#### [Problem to solve]
Report every line of the data where the string "Shell" appears.

Short descriptive text snippets
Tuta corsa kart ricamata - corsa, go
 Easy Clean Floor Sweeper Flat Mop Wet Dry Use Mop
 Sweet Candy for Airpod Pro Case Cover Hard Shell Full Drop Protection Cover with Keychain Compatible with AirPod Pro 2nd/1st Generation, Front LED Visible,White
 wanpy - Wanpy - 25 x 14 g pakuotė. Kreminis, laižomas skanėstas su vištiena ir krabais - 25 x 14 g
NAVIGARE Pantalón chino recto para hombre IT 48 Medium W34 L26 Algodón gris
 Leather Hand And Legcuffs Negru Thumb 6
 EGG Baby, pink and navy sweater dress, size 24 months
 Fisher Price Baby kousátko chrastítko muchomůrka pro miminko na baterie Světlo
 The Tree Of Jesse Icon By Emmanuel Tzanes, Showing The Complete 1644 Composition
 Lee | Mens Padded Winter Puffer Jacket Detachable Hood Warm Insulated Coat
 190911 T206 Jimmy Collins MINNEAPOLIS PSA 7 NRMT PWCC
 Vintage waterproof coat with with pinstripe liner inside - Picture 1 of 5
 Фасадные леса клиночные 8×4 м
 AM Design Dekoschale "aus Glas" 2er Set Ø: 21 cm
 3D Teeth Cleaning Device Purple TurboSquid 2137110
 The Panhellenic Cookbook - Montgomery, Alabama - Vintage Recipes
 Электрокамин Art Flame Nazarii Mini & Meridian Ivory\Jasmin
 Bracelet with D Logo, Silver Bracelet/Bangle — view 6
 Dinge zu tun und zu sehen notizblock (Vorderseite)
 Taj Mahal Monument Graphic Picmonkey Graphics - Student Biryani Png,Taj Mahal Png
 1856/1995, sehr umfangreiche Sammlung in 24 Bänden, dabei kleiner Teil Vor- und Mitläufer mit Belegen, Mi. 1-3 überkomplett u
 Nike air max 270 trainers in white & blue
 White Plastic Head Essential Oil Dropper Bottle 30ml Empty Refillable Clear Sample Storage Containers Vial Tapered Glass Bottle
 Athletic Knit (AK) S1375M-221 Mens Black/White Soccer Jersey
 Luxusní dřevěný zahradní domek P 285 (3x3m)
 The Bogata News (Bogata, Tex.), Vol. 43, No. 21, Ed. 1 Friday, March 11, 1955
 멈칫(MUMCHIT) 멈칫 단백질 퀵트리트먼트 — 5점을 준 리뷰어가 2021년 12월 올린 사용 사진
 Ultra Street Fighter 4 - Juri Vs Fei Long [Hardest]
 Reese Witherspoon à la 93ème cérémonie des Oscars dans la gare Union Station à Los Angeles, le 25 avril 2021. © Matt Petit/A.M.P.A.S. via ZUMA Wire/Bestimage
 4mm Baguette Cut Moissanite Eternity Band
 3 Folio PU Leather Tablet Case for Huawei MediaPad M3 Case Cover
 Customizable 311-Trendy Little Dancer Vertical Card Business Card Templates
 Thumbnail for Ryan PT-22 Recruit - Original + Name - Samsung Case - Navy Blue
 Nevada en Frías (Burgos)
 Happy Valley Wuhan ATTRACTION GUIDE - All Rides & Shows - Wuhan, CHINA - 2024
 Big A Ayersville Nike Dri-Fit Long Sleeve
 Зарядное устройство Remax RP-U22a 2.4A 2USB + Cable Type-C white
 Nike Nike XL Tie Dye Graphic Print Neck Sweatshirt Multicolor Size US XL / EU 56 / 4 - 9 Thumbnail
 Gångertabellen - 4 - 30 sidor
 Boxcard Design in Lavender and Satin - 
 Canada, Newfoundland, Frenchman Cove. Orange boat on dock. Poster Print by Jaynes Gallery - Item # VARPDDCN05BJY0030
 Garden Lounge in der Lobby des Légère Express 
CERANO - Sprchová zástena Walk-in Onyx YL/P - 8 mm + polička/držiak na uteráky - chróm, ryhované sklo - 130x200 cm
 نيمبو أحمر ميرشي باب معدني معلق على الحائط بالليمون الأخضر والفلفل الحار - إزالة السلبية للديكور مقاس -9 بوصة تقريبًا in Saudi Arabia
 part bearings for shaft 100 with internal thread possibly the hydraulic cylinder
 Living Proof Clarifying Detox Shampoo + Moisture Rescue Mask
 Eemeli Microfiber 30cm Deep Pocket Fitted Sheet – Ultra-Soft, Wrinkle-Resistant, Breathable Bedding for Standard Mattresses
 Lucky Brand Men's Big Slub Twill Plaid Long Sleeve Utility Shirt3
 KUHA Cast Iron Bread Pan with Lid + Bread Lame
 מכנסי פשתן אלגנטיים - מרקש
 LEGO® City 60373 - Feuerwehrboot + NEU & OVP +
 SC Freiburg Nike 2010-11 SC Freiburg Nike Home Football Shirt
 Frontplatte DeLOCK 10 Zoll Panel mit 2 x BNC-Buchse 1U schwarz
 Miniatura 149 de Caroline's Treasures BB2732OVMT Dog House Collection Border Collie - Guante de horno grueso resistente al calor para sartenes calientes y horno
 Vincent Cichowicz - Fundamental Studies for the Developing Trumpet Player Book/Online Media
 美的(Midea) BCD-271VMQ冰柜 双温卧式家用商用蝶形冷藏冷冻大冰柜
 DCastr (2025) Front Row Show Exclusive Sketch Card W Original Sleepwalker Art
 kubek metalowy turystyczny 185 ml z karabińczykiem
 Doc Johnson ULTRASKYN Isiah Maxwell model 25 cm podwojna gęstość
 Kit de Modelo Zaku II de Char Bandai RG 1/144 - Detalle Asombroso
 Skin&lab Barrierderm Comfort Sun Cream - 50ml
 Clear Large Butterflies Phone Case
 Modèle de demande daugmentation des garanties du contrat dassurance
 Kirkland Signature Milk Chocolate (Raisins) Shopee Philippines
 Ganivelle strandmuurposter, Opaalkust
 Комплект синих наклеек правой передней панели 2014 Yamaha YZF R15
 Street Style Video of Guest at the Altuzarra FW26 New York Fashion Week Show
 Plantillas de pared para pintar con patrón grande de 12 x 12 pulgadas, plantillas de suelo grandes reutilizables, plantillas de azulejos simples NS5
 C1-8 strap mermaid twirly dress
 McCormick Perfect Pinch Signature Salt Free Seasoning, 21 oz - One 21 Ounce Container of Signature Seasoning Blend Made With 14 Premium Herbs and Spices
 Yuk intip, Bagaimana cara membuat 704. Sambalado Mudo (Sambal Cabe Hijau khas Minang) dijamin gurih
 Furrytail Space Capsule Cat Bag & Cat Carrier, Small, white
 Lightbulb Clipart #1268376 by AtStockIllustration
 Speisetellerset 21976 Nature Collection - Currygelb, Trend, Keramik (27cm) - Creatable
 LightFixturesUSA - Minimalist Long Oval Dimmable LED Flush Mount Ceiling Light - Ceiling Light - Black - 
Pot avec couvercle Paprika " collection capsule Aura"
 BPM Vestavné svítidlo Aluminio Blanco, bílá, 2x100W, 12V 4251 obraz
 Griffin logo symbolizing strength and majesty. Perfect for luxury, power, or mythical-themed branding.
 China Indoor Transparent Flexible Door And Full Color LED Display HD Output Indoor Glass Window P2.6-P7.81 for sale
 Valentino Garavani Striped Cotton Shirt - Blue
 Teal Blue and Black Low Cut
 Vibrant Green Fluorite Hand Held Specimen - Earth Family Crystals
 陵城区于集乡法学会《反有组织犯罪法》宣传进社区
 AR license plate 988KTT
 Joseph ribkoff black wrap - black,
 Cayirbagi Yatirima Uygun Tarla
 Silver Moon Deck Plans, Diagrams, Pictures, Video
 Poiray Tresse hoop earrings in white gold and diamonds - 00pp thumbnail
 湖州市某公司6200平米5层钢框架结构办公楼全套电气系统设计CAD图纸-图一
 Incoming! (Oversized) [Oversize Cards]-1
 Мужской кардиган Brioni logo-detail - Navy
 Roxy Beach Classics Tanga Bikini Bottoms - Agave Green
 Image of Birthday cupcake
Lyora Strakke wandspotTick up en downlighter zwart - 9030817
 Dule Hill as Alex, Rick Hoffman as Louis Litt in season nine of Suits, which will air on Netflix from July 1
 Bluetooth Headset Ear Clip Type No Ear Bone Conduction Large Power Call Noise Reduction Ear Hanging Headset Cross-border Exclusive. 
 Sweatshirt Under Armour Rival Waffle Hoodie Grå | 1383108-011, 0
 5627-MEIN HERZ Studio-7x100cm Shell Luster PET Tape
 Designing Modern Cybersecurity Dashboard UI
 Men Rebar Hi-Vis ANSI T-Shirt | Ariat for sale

#### [Solution]
 Sweet Candy for Airpod Pro Case Cover Hard Shell Full Drop Protection Cover with Keychain Compatible with AirPod Pro 2nd/1st Generation, Front LED Visible,White
 5627-MEIN HERZ Studio-7x100cm Shell Luster PET Tape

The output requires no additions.